В этом морозном великолепии Психовскому захотелось в тепло – для начала, хотя бы просто сесть в такси, которое едет уже десять минут, хоть обещало быть через пять. Цель чуть выше, этакий следующий этап этого квеста – добраться до квартиры, чтобы скинуть куртку, шапку и ботинки. Но в идеале, конечно, хотелось махнуть куда-нибудь в теплые края, где такой погоды не будет в принципе – там, видимо, невидимые архитекторы мироздания постарались, чтобы люди не испытывали такого ледяного ужаса, а вот другие места явно обделили вниманием. Ну, ладно, думал Психовский, их можно понять – должен же быть какой-никакой, а баланс, просто ему, профессору, не повезло родиться и жить именно в месте, теплом обделенном.

Но Грецион не сомневался, что Аполлонский подобрал для своего сюрприза какое-нибудь турне по теплым местам, а не по ледникам – пингвины, белые мишки и морские котики – это, конечно, очень хорошо и мило, но только не в разрезающим душу холоде.

Ехать все еще было как-то лень – и Грецион про себя ругался на художника, хотя раньше за собой такого не замечал, даже после самых странных чудачеств Федора Семеныча.

Смартфон в кармане пиликнул. Профессор осмелился вытащить руку из кармана и разблокировать экран – такси, вроде как, приехало. Грецион огляделся, но машины не увидел, снова перемялся с ноги на ногу и натянул шапку еще сильнее, чуть не спрятав под ней глаза.

Прошло совсем немного, и к представлению из фонарного света добавились новые лучи немного иной природы – они, в отличие от своих собратьев, двигались.

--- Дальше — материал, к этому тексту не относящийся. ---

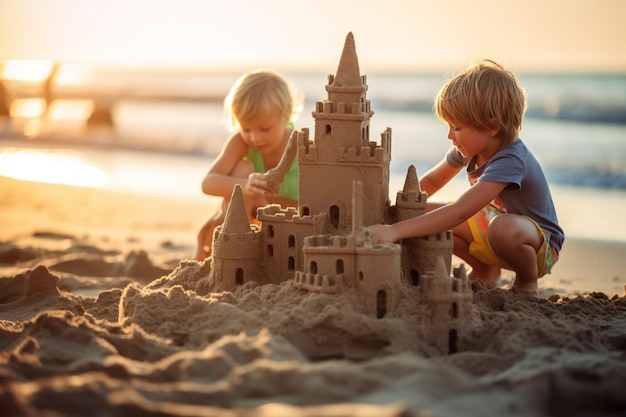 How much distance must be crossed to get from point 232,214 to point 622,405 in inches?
121

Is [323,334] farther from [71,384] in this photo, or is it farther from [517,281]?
[517,281]

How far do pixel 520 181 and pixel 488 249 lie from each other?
0.89 m

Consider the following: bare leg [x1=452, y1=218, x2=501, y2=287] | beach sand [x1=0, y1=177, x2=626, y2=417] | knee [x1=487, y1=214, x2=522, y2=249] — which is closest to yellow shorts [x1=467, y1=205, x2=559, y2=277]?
bare leg [x1=452, y1=218, x2=501, y2=287]

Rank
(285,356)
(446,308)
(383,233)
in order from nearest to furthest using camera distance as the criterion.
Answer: (285,356)
(446,308)
(383,233)

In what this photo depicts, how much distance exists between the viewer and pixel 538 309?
6.56 meters

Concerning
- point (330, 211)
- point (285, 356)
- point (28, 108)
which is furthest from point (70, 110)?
point (285, 356)

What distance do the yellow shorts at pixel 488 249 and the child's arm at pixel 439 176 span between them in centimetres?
50

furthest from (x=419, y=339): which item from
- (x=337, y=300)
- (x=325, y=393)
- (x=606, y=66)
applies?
(x=606, y=66)

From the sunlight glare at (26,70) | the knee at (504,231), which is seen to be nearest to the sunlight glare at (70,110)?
the sunlight glare at (26,70)

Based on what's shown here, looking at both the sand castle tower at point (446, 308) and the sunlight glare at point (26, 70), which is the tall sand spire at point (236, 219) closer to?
the sand castle tower at point (446, 308)

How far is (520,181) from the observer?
716 cm

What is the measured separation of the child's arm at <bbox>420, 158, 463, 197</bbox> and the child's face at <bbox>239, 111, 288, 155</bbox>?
1.67 m

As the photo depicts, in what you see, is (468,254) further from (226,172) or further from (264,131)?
(226,172)

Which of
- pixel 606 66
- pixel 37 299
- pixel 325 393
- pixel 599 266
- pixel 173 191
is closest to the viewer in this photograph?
pixel 325 393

Психовский сообразил, что это такси, только когда фары начали слепить глаза.

Грецион открыл дверь, отряхнул, казалось, целые снежные равнины с шапки и ледники с ботинок. Он сел в машину, потихоньку оттаивая. Профессор, к слову, никогда не был против поболтать в дроге – за что многие водители были готовы его убить, ведь говорить Психовский мог часами, – но сейчас Грецион радовался, что таксист попался молчаливый: просто уточнил дорогу, а потом включил – хвала всем богам и космическим сущностям! – главную рок-радиостанцию страны. Профессор Грецион Психовский наконец-то расслабился, мыслями погрузившись в теплые страны.

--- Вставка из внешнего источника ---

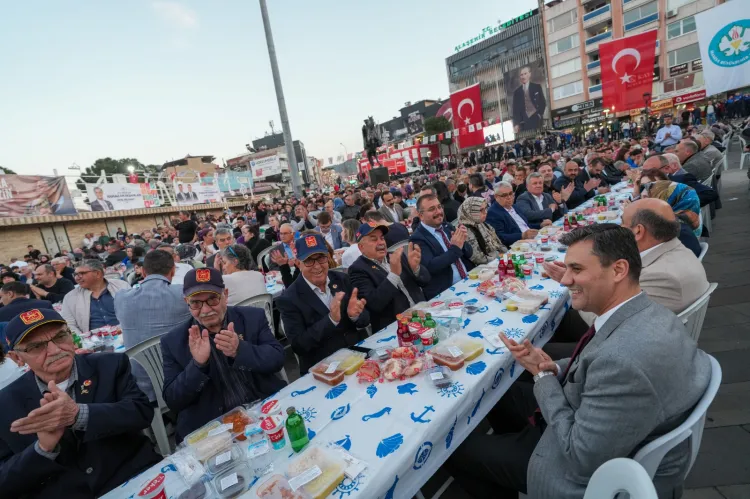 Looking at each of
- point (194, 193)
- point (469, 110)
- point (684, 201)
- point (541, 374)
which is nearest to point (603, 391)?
point (541, 374)

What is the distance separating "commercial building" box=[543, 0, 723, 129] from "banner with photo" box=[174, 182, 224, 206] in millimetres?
33141

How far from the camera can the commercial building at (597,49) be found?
30.0m

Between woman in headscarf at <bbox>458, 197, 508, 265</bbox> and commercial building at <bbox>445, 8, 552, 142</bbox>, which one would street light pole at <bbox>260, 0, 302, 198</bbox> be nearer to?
woman in headscarf at <bbox>458, 197, 508, 265</bbox>

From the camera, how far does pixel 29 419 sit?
5.26ft

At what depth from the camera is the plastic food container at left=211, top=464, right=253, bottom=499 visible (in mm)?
1463

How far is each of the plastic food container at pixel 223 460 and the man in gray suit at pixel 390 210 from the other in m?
6.95

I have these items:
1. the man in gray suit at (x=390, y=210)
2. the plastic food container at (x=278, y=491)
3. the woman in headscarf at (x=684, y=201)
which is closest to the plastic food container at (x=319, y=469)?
the plastic food container at (x=278, y=491)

Вообще, Грецион давно думал, что пора бы сменить обстановку, и не только из-за тонны работы и скрипящих холодов – профессор чувствовал, как вокруг, в каждом возможном и невозможном углу, открыто и исподтишка, закручиваются гайки абсолютно во всем. На профессора это давило, вызывало внутри какой-то механический скрежет, разрушающий душевную гармонию и иссушающий те маленькие капельки счастья, которые еще оставались в душевном двигателе. Задним числом, правда, Профессор знал: кое-кто просто забывает элементарные правила инженерии и механики, ведь если гайки затягивать слишком туго, рано или поздно они слетят с резьбы и дадут по носу. Проверено столетиями во всех смыслах: и в буквальном, и в метафорическом.